## TASK MATERIAL

|---|

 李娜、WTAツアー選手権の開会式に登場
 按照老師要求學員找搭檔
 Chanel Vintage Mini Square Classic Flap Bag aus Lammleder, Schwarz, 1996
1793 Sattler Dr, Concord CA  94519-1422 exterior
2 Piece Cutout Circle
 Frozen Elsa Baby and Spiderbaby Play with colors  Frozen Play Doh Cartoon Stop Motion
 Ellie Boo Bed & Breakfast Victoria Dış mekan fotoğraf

|---|

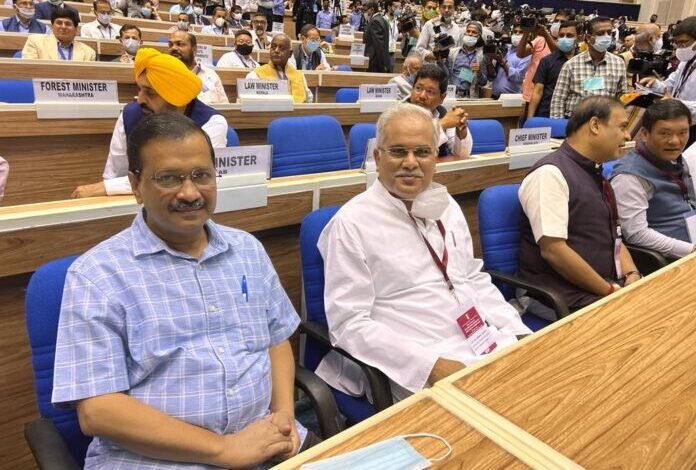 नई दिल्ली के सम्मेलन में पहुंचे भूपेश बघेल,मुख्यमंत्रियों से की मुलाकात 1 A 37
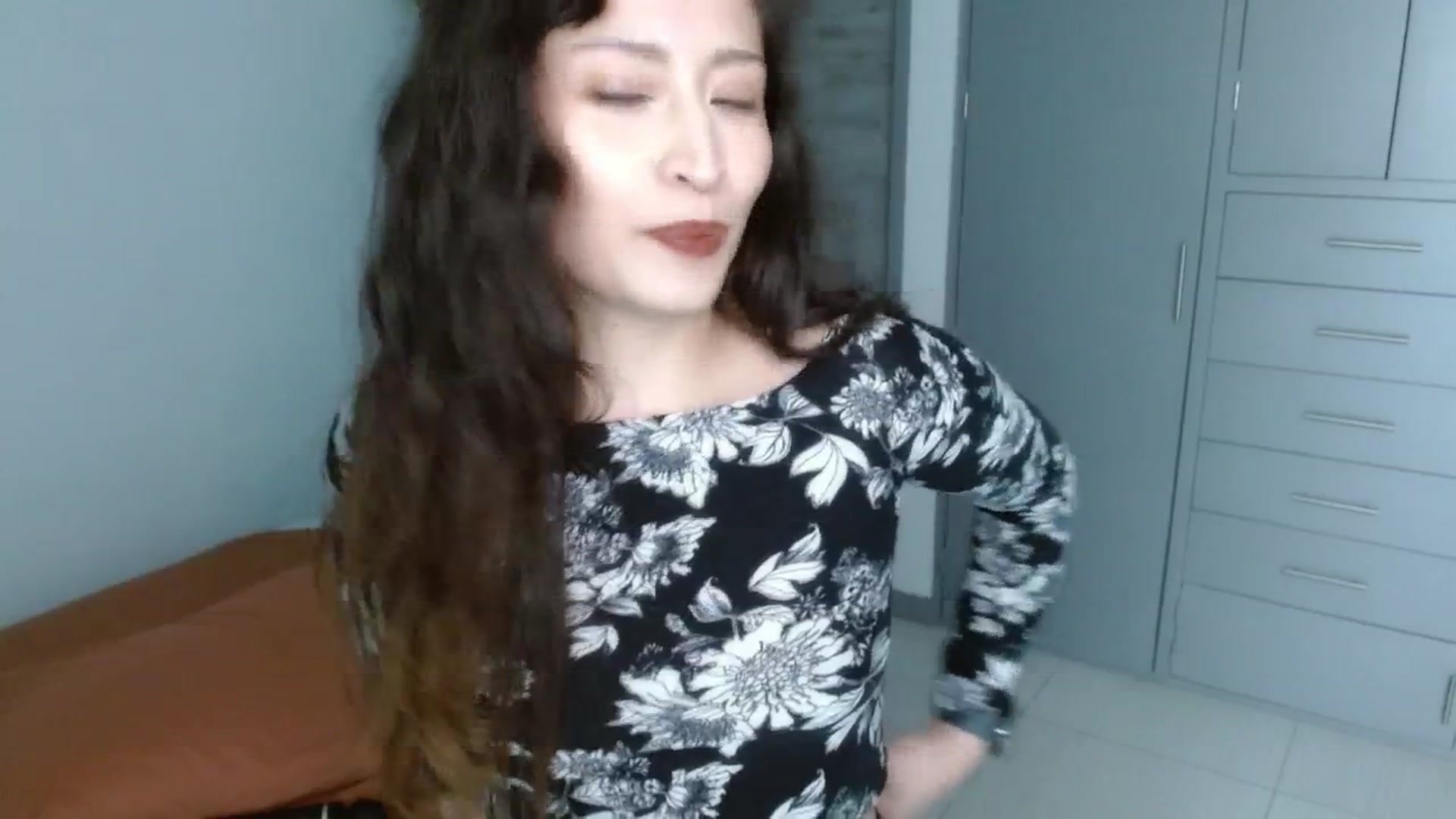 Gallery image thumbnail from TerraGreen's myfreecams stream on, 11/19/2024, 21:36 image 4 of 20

|---|

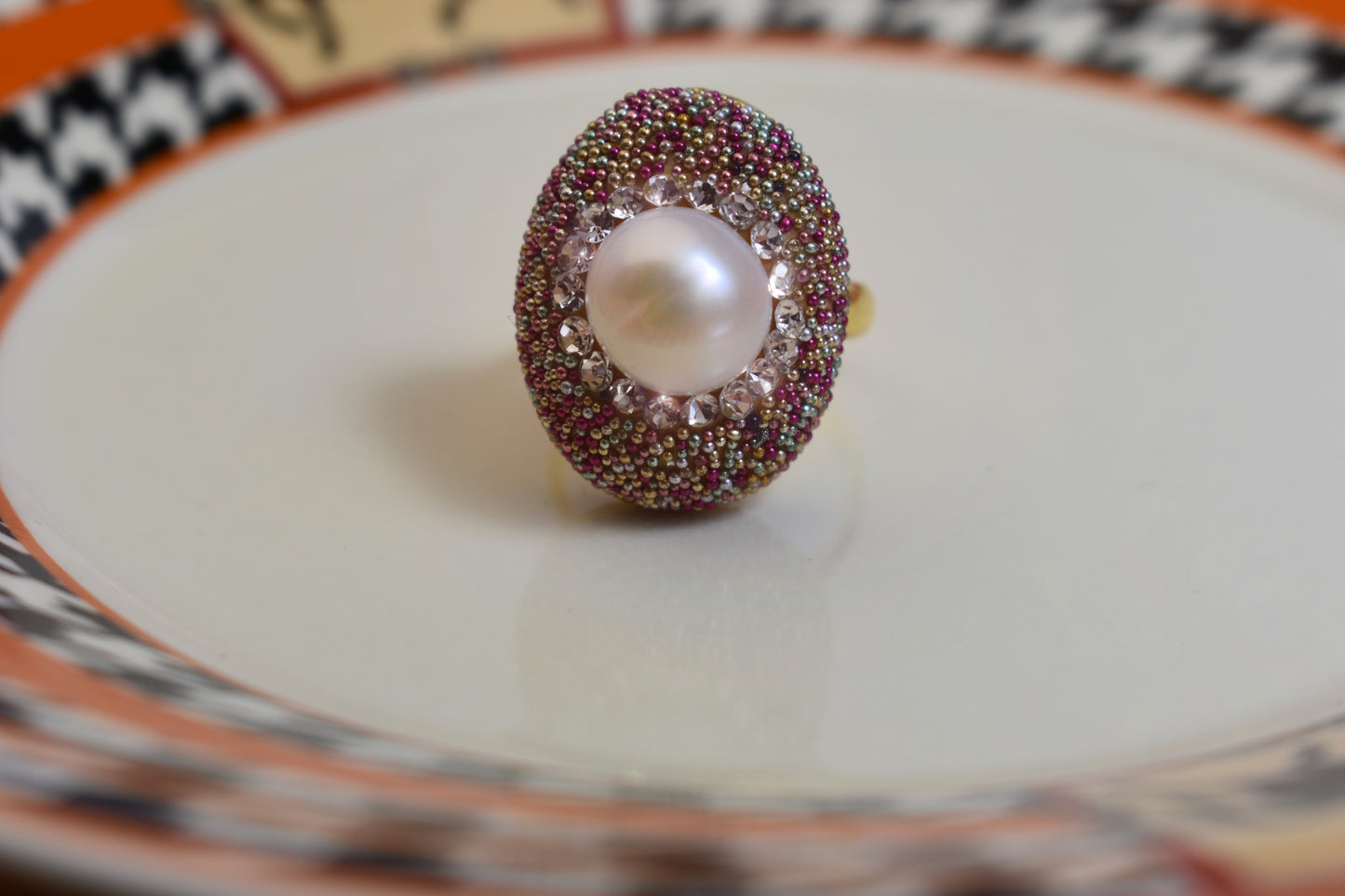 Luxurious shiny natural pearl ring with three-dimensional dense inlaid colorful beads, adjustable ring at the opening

|---|

## REQUIRED ACTION
Repeat, exactly as they stand above, the lines from the line with "按照老師要求學員找搭檔" to the line with "Ellie Boo Bed", both lines included.

## SOLUTION
 按照老師要求學員找搭檔
 Chanel Vintage Mini Square Classic Flap Bag aus Lammleder, Schwarz, 1996
1793 Sattler Dr, Concord CA  94519-1422 exterior
2 Piece Cutout Circle
 Frozen Elsa Baby and Spiderbaby Play with colors  Frozen Play Doh Cartoon Stop Motion
 Ellie Boo Bed & Breakfast Victoria Dış mekan fotoğraf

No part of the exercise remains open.